*DATA EXTRACT*

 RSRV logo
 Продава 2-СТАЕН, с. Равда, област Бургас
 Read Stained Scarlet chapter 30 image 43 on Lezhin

*EXERCISE INSTRUCTIONS*
The line that contains "Продава 2-СТАЕН, с. Равда, област Бургас", the final line of the listing, and every line between them are to be retyped exactly; nothing else.

*EXERCISE SOLUTION*
 Продава 2-СТАЕН, с. Равда, област Бургас
 Read Stained Scarlet chapter 30 image 43 on Lezhin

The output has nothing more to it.